_Available data:_

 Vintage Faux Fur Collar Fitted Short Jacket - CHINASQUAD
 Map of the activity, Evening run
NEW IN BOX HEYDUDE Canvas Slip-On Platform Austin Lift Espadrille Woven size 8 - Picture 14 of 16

_Description of the task:_
Word for word, retype all of the material.

_Solution to the problem:_
 Vintage Faux Fur Collar Fitted Short Jacket - CHINASQUAD
 Map of the activity, Evening run
NEW IN BOX HEYDUDE Canvas Slip-On Platform Austin Lift Espadrille Woven size 8 - Picture 14 of 16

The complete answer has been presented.